Activity ::
Leave the pictures behind and reproduce every line of the listing exactly.
● ● ● ● ● ● ●
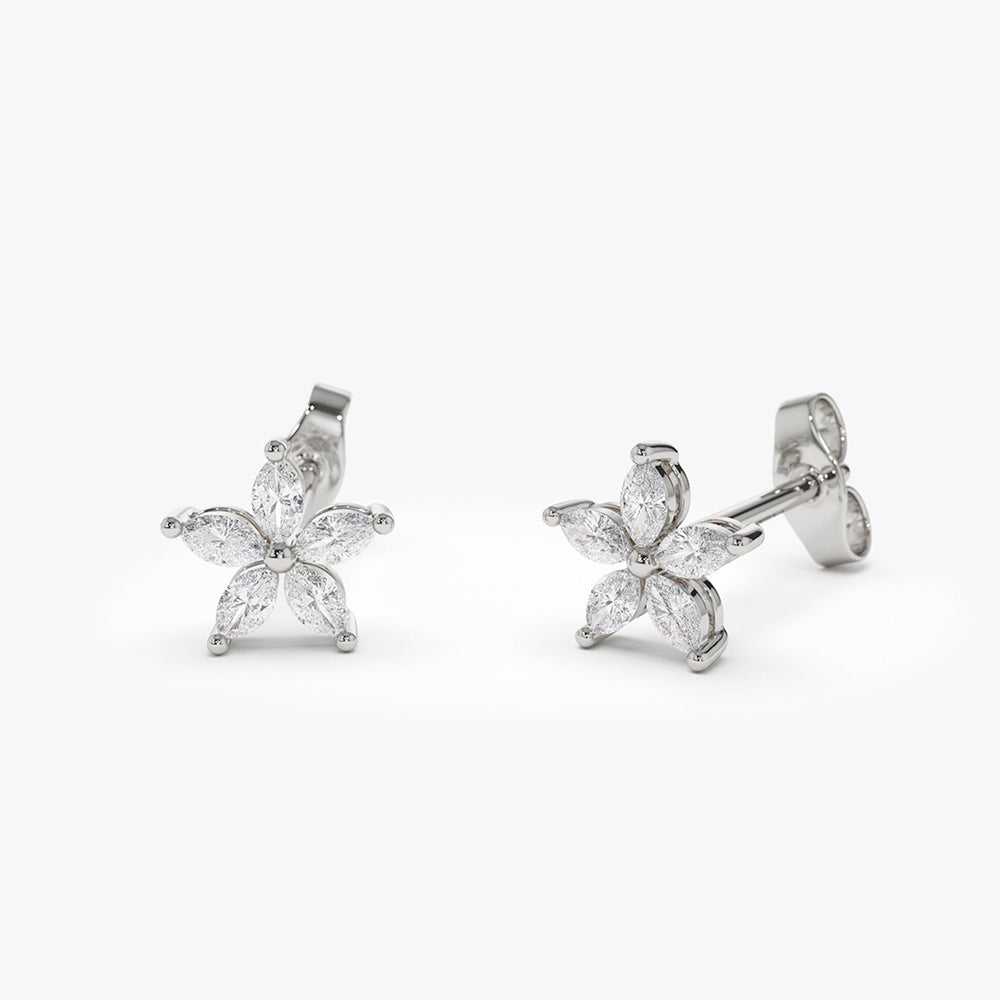 OBFJ2039 - 14k Marquise Diamond Floral Studs 7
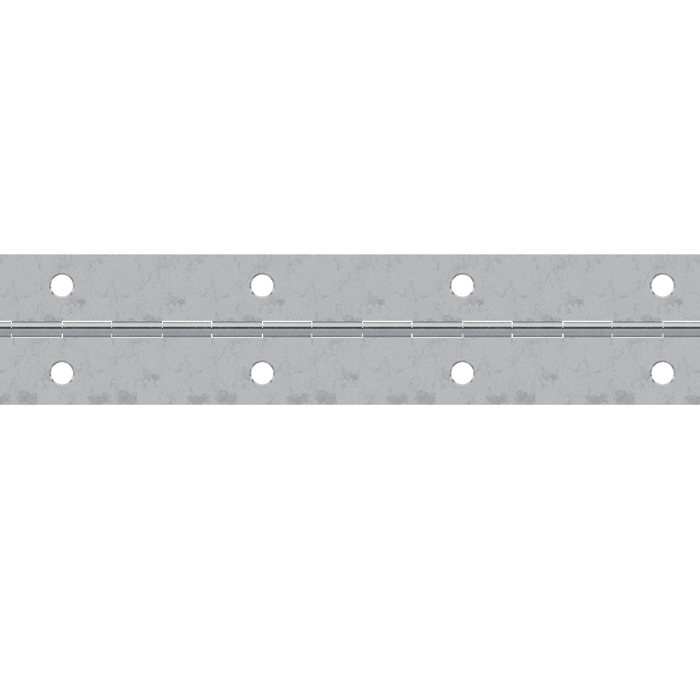 1.50in Open x 72in Long x 0.034in Thick, Steel Continuous Hinge with Zinc Plate & Mounting Holes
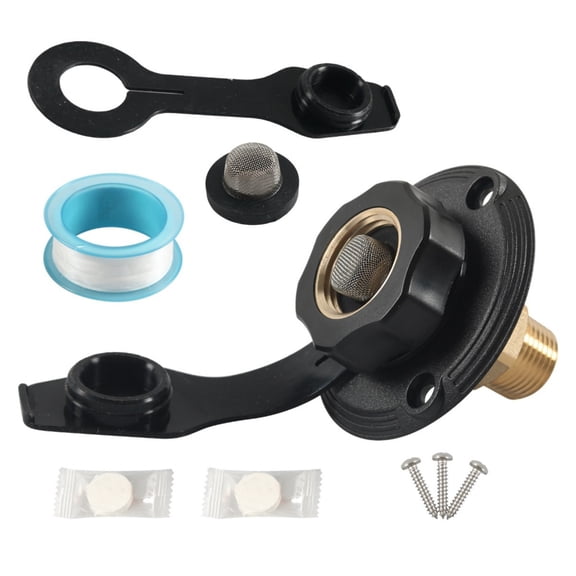 ARCADORA RV City Water Inlet 3/4” GHT Female 1/2” NPT Male Brass Flange Check Valve Anti-Backflow Kit with Sealing Tape Filter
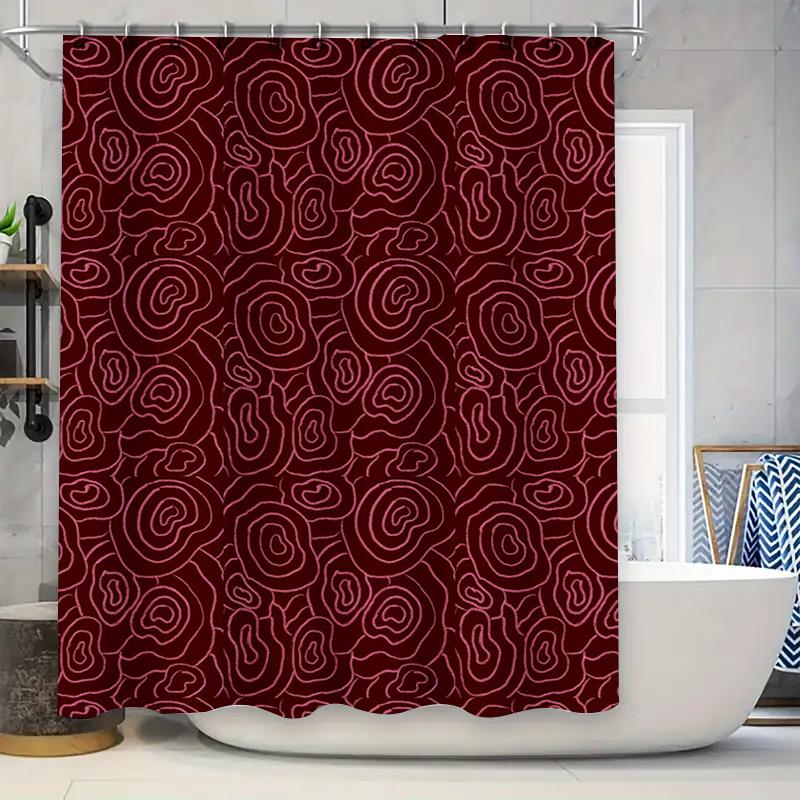 

Red and White Peony Pattern Shower Curtain Decorative Waterproof Bathroom Accessories for Home Improvement Size Customizable 90x180cm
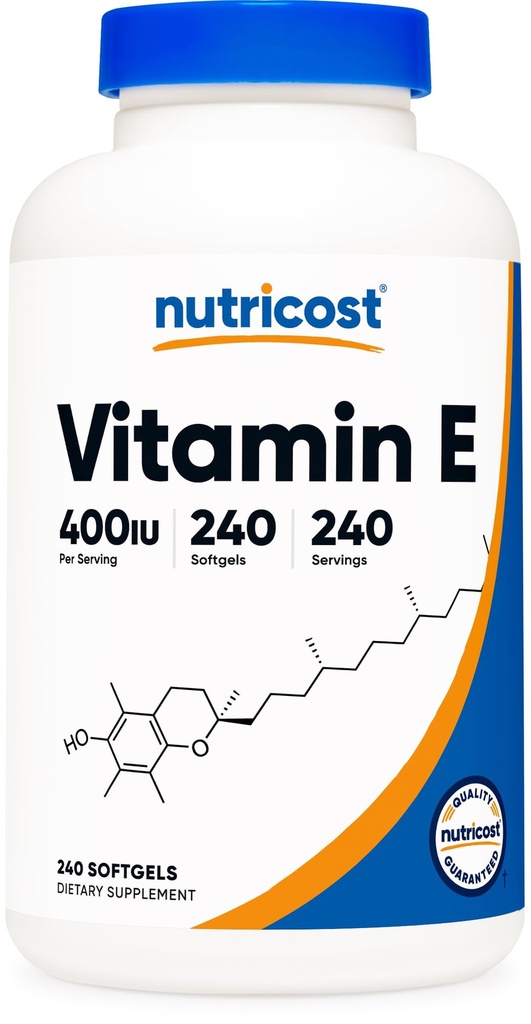 Nutricost Vitamina E 400 UI, 240 Cápsulas Softgel - Gluten Free, Non-GMO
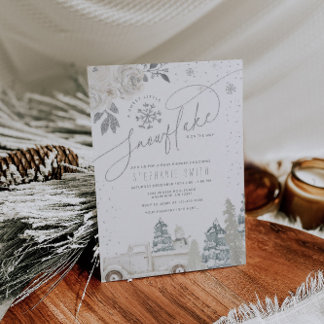 Invitation Baby shower de flocons d'hiver fleuris d'argent
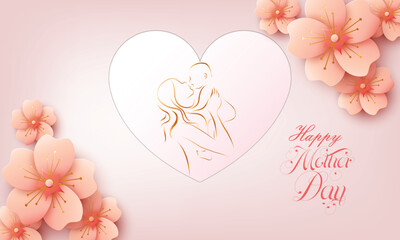 Happy Mothers Day design with amazing flowers 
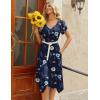 Zeagoo Womens Casual Dress for Summer Short Sleeve Loose Flowy Beach Dress with Pockets Hankerchief Flare Midi Sundress 2026(Navy Floral)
● ● ● ● ● ● ●
Solution ::
 OBFJ2039 - 14k Marquise Diamond Floral Studs 7
 1.50in Open x 72in Long x 0.034in Thick, Steel Continuous Hinge with Zinc Plate & Mounting Holes
 ARCADORA RV City Water Inlet 3/4” GHT Female 1/2” NPT Male Brass Flange Check Valve Anti-Backflow Kit with Sealing Tape Filter

Red and White Peony Pattern Shower Curtain Decorative Waterproof Bathroom Accessories for Home Improvement Size Customizable 90x180cm
 Nutricost Vitamina E 400 UI, 240 Cápsulas Softgel - Gluten Free, Non-GMO
 Invitation Baby shower de flocons d'hiver fleuris d'argent
 Happy Mothers Day design with amazing flowers 
 Zeagoo Womens Casual Dress for Summer Short Sleeve Loose Flowy Beach Dress with Pockets Hankerchief Flare Midi Sundress 2026(Navy Floral)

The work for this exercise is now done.